Project Page | Paper | Checkpoints | OpenDV Poses | Docker | Inference | Training
Controllable driving-video generation with motion and appearance decoupling.
MAD-LTX generates driving videos from a first frame, a text prompt, and optional structured controls such as ego motion, object motion, semantic segmentation, or HD maps. The method first predicts an intermediate motion representation, then conditions a second LTX-Video model on that motion video to generate the final RGB video.
- Config-driven inference for the released MAD-LTX LoRA checkpoints.
- Training configs and latent-caching scripts for reproducing the main OpenDV LoRA models.
- Minimal retained utilities for ego-motion control rendering and panoptic-control coloring.
- Evaluation entrypoints for video quality and control-following metrics.

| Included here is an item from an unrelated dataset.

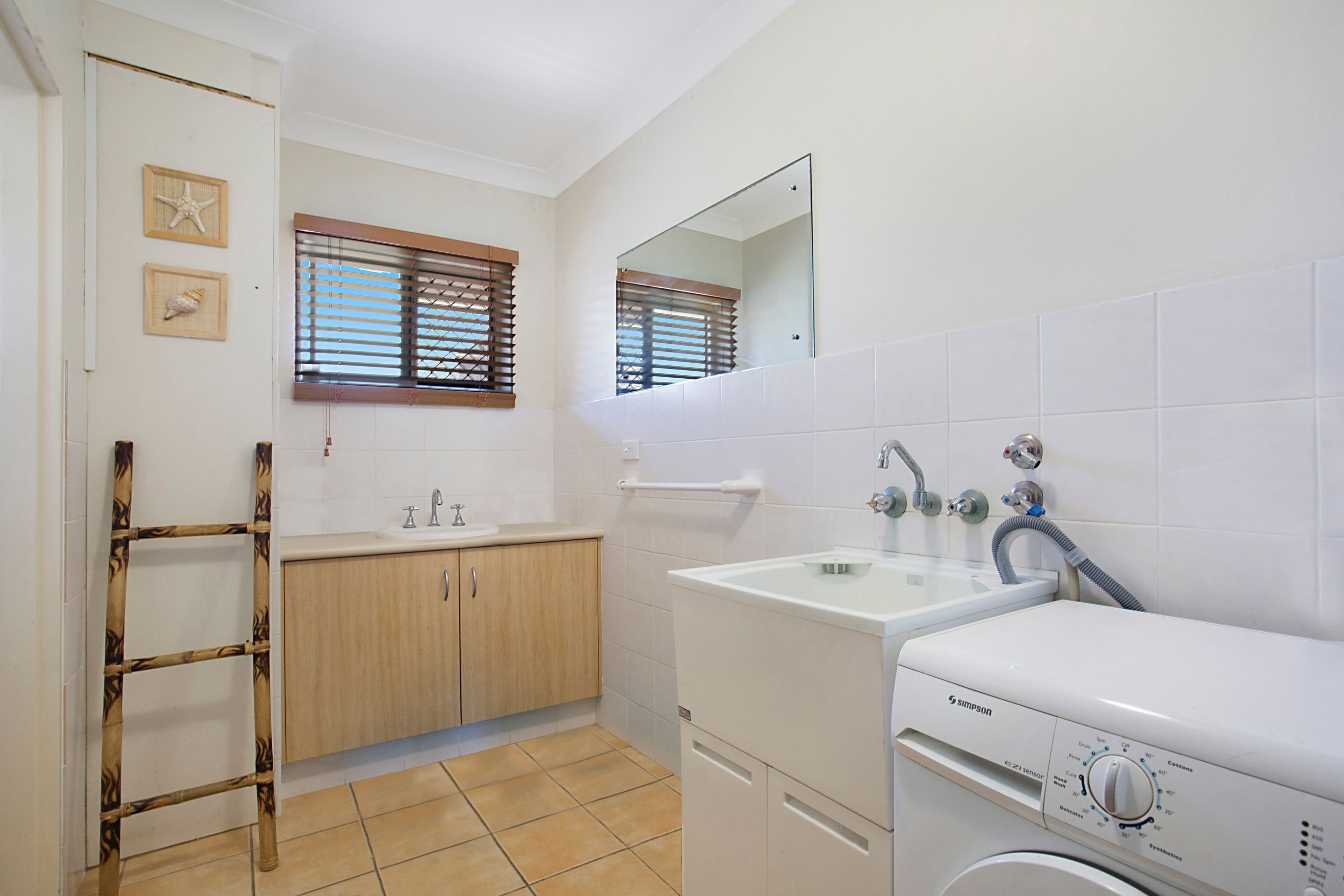 68 Albatross Avenue, Mermaid Beach QLD 4218, Mermaid Beach - Thumbnail 5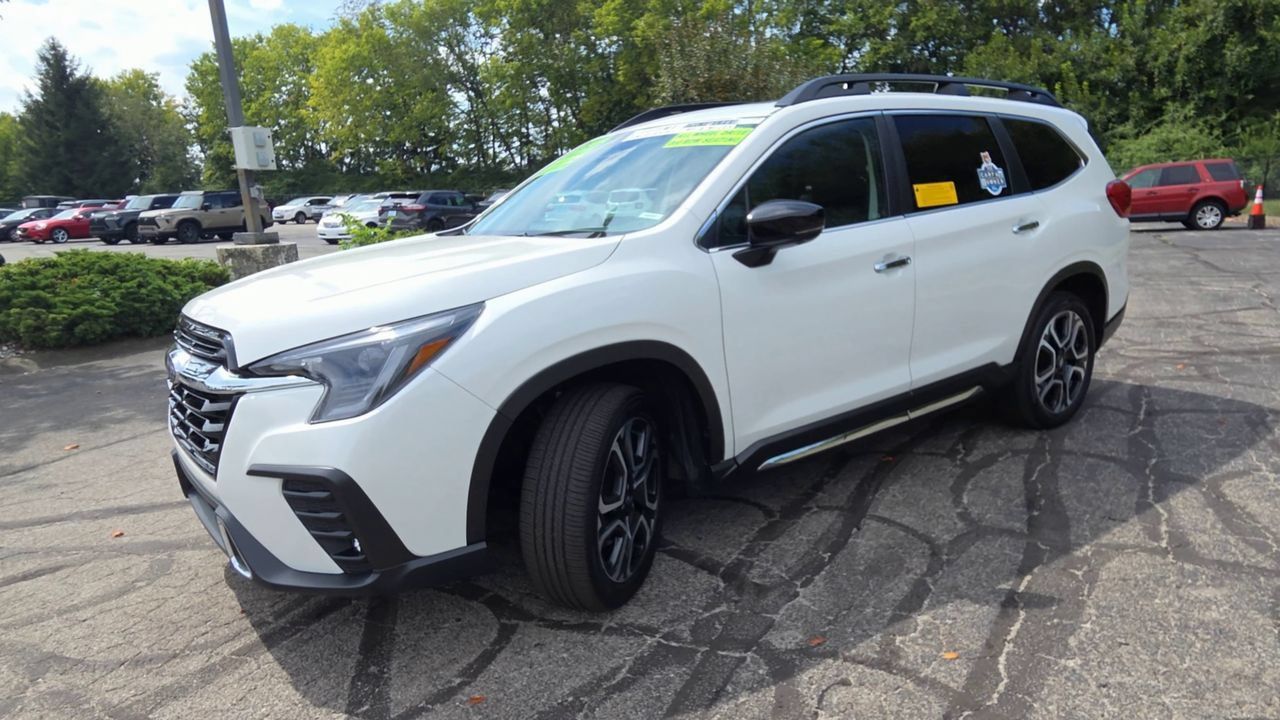 Used 2025 Subaru Ascent Touring AWD/4WD image 4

The tested environment is captured in Dockerfile. You can build it locally:
docker build -t mad-ltx -f Dockerfile .or start from the published image:
docker pull ahparyald/mad-ltxIf you prefer a native conda or pip setup, use the package list in the Dockerfile as the reference environment for both training and inference.
PYTHONPATH=src python -m ltxv_trainer.inference \
--config configs/inference/rgb_pose_motion_13b.yaml \
--prompt "The image depicts a residential urban road. A number of parked vehicles are present in the road, one parked directly in front of the ego vehicle. The surrounding environment includes buildings and trees. The lighting suggests daytime." \
--rgb-image examples/inference/ego_motion/rgb_2.jpg \
--control-image examples/inference/ego_motion/pose_2.jpg \
--reference-video examples/inference/ego_motion/egomotion_2.mp4 \
--out outputs/rgb_pose_motionThe command downloads the base model and selected LoRA checkpoint if they are not already cached. See docs/inference.md for all supported modes and example assets.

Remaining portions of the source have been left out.